Plans to transform the Triangle shopping centre into a ‘Covent Garden of the north’ are moving forward after Manchester Cathedral and Chetham’s School of Music gave the proposals the thumbs up.
The centre's owners, Aviva Investors, have submitted plans to Manchester City Council for the first phase of the transformation of the shopping centre, creating an exciting dining and shopping experience in Exchange Square.
The proposals focus on restoring the building's Edwardian architecture by removing all the old signage, metal structures, out-dated lighting and repairing the damage to the stone facades.
Crucially, the company also plans to return the centre to its original historic name of The Manchester Corn Exchange.
The City Council asked businesses for their views on the proposals, and a report going to the City Council's executive meeting on March 14 will highlight the responses received.
Manchester Cathedral and Chethams School of Music both welcomed the proposals, and further discussions are now planned with both organisations as more detailed plans are brought forward.

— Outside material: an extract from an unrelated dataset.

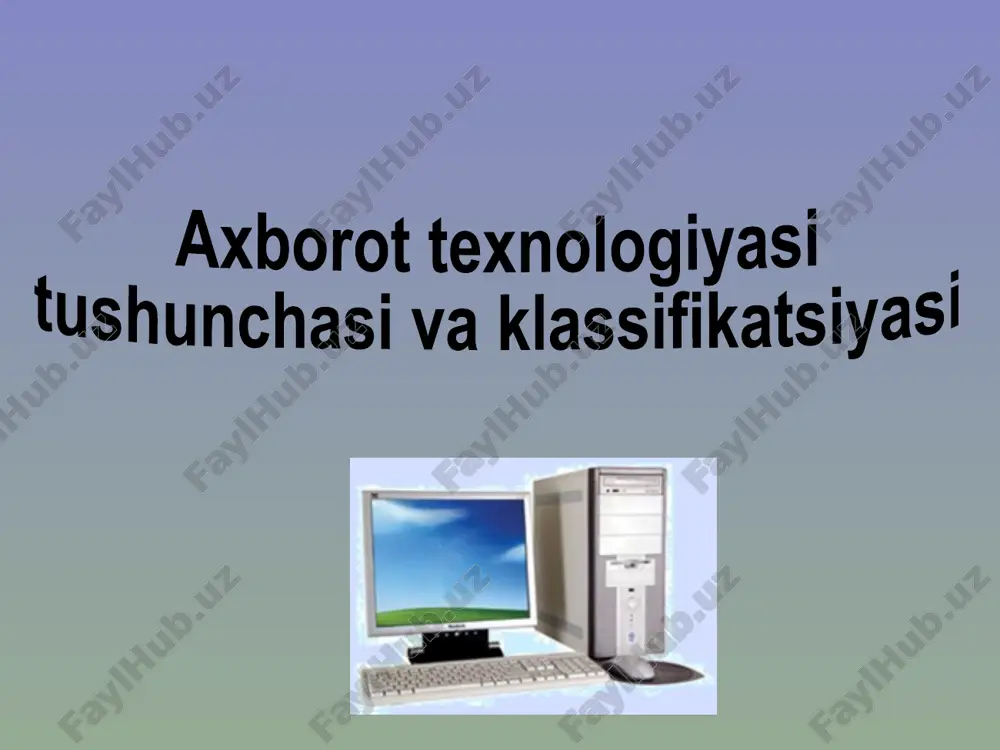 tish mumkin: mexnat, texnologik va ishlab chiqarish jarayoni vositalarini kompleks avtomatlashtirish. ilmiy tadqiqotlar, loyihalash va ishlab chiqarish axborotlashtirish. tashkiliy-iqtisodiy boshqarishni avtomatlashtirish. axoliga xizmat ko’rsatish soxasini axborotlashtirish. ta’lim va kadrlar tayyorlash jarayonini axborotlashtirish. axborot texnologiyalarning rivojlanish bosqichlari 1-bosqich. xix asrning ikkinchi yarmigacha davom etgan. bu bosqichda «qo‘llik» axborot texnologiya taraqqiy etgan. uning vositasi: pero, siyoxdon, kitob. kommunikatsiya, ya'ni aloqa odamdan odamga yoki pochta orqali xat vositasida amalga oshirilgan. 2-bosqich. xix asrning oxiri, unda «mexanik» texnologiya rivoj topgan. uning asosiy vositasi yozuv mashinkasi, arifmometr kabilardan iborat. 3-bosqich. xx asr boshlariga mansub bo’lib, «elektromexanik» texnologiyalar bilan farq qiladi. uning asosiy vositalari sifatida telegraf va telefonlardan foydalanilgan. bu bosqichda axborot texnologiyasining maqsadi ham o‘zgardi. unda asosiy urg‘u axborotni tasvirlash shaklidan, uning mazmunini shakllantirishga ko‘chirildi. axborot texnologiyalari rivojlanish bosqichlari 4-bosqich. xx asr o‘rtalariga to‘g‘ri kelib, «elektron» texnologiyalar qo‘llanilishi bilan belgilanadi. bu texnologiyalarning asosiy vositasi ehmlar va ular asosida tashkil etiladigan avtomatlashtirilgan boshqarish tizimlari va axborot …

Councillor Pat Karney, Manchester City Council's city centre spokesperson, said: "It's great to see the plans for this important city centre site move forward. We share the owners' ambitions to restore this magnificent building to its former glory - and of course bring back into use its historic Corn Exchange name.
"At the same time it will be transformed into a modern, exciting shopping experience that will become known as the Covent Garden of the north and will attract visitors from far and wide."
Philip Nell, Aviva Investors' Head of UK Retail Funds - Real Estate, said: "We are delighted that the council is supportive of our plans for the Corn Exchange that will help bring new vitality to this area of Manchester, and will put this historic building at the heart of the vibrant northern sector of the city centre.
"Restoring the building's heritage, and introducing new signage and lighting are the just the first steps in making the building attractive to both retailers and restaurant operators, as well as the Manchester public and visitors."